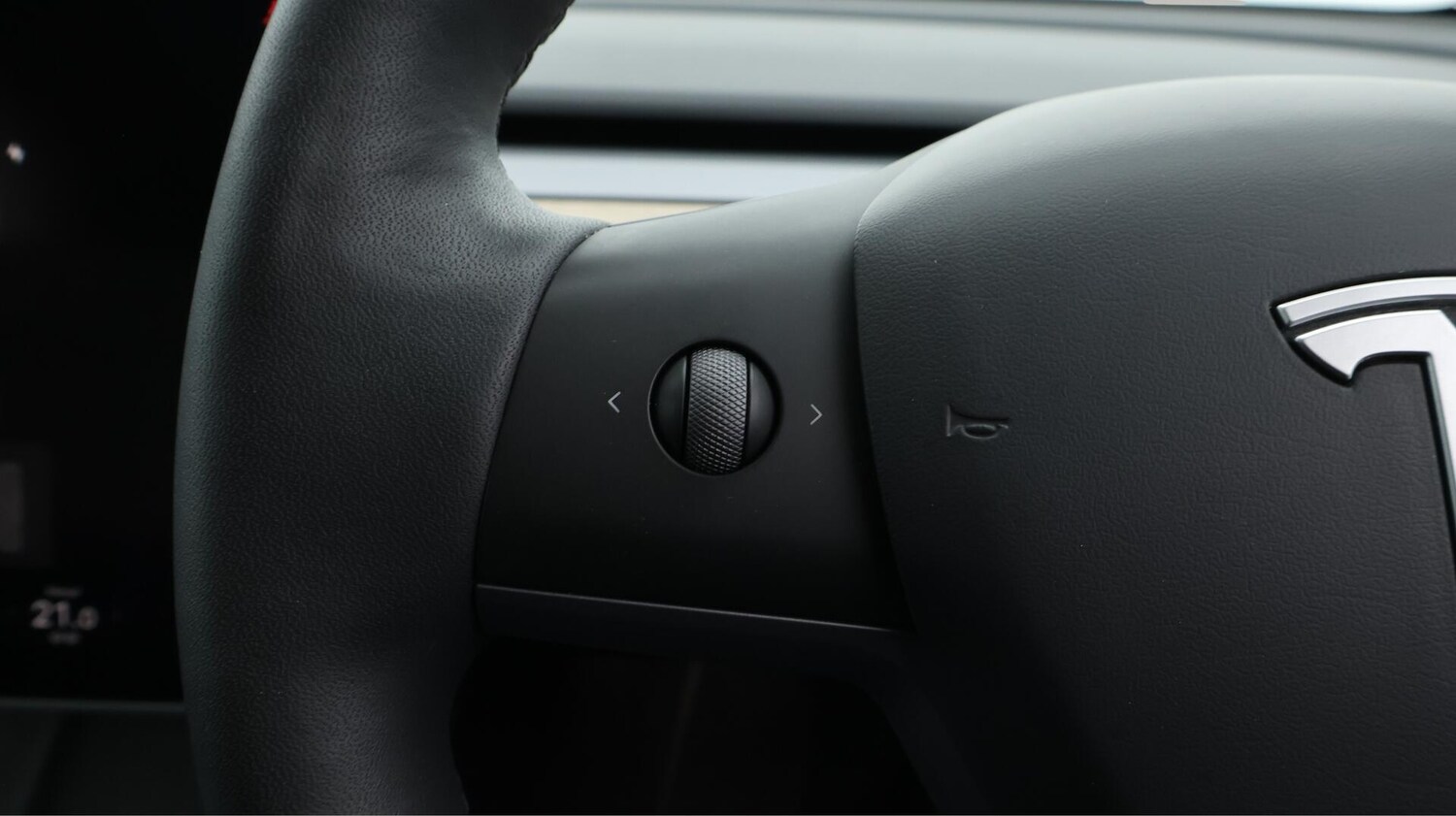 Used Tesla Model Y 2022 for sale - 76200550: Photo 25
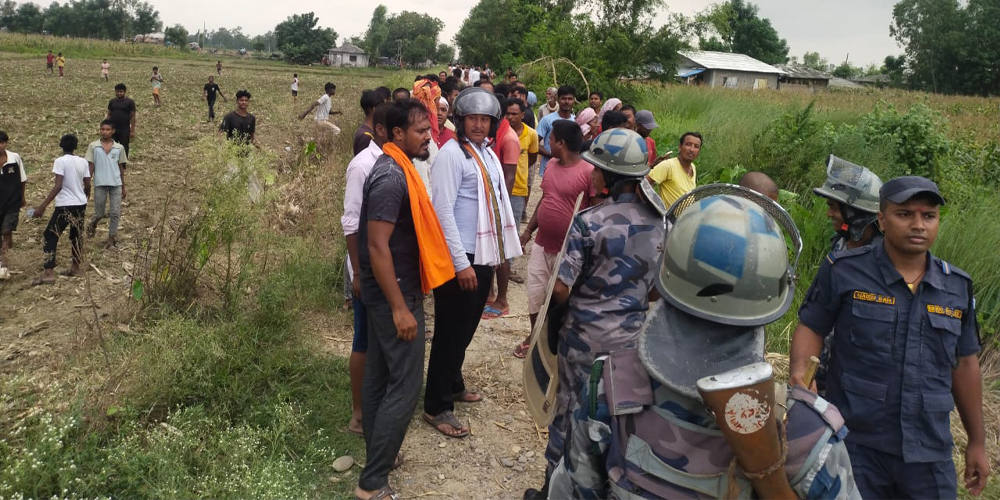 सर्लाहीको  बरहथवामा प्रहरी र स्थानीयबीच झडप, प्रहरीसहित १० जना घाइते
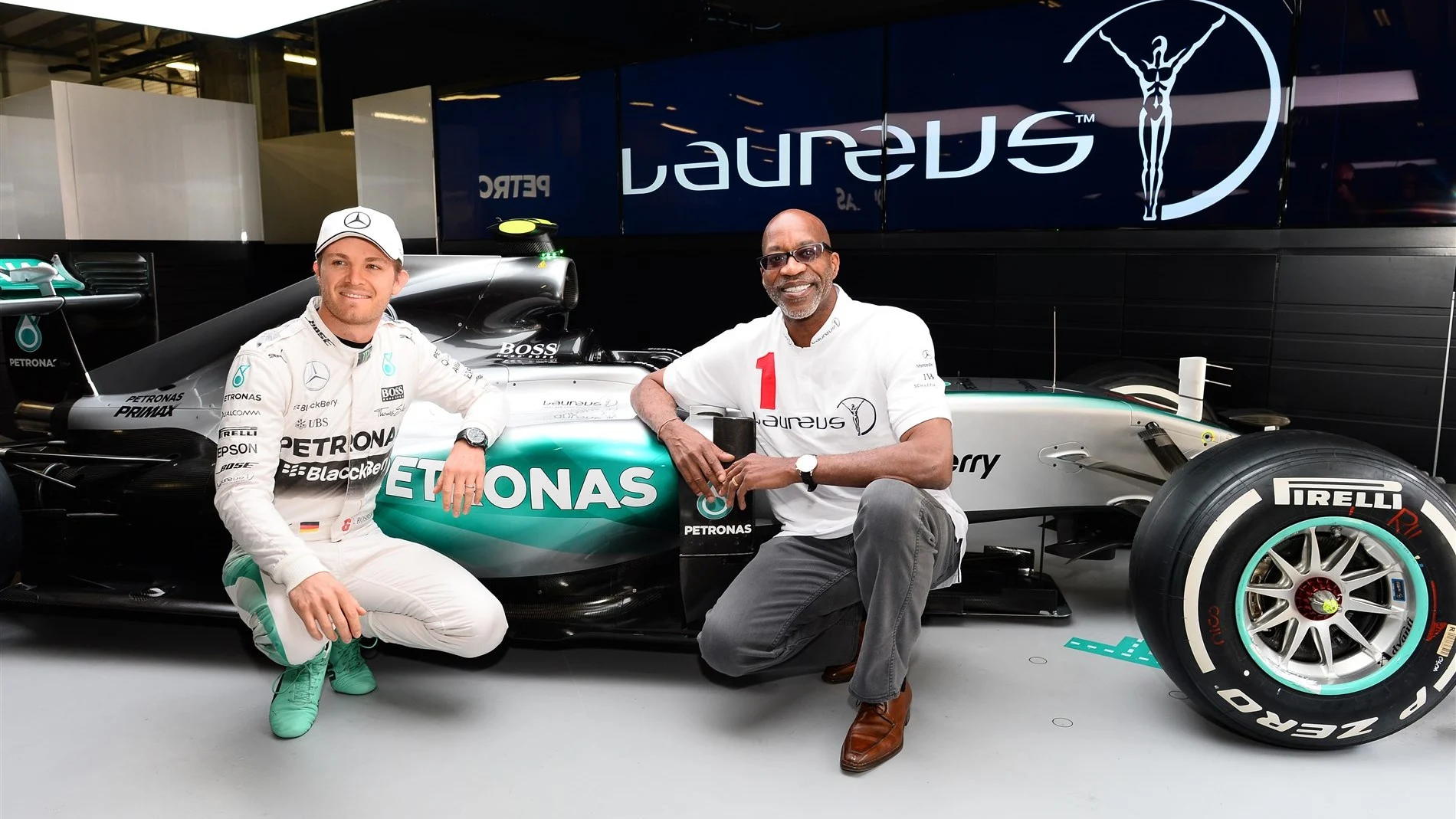 Nico Rosberg (GER) Mercedes AMG F1 and Ed Mosses at Formula One World Championship, Rd3, Chinese Grand Prix, Qualifying, Shanghai, China, Saturday 11 April 2015. © Sutton Motorsport Images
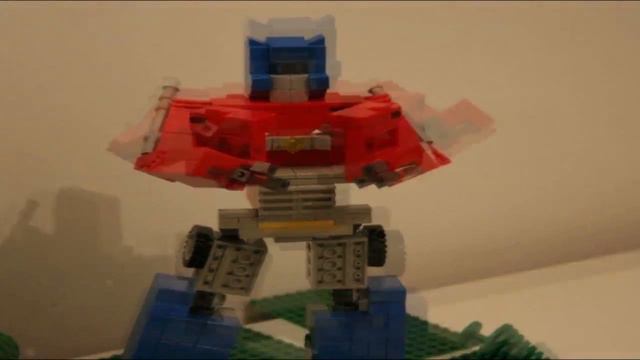 Optimus Prime versus Starscream Ultimate Battle I смотреть онлайн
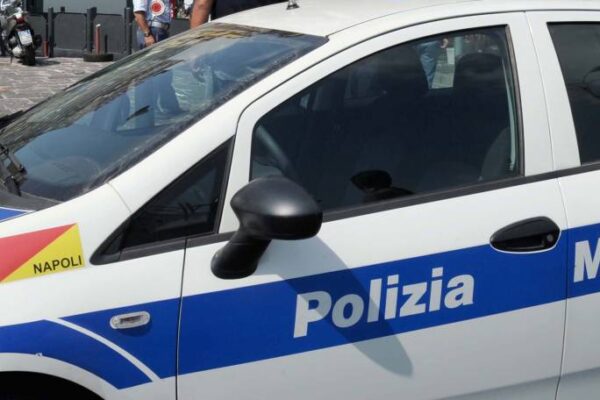 Grave incidente a Napoli, giovane in prognosi riservata: uomo indagato per omissione di soccorso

- - -

> **To do**
The stretch above running from the line with "Nico Rosberg (GER)" through the line with "Optimus Prime versus" is all you should copy, exactly, leaving out the pictures.

> **Completed task**
 Nico Rosberg (GER) Mercedes AMG F1 and Ed Mosses at Formula One World Championship, Rd3, Chinese Grand Prix, Qualifying, Shanghai, China, Saturday 11 April 2015. © Sutton Motorsport Images
 Optimus Prime versus Starscream Ultimate Battle I смотреть онлайн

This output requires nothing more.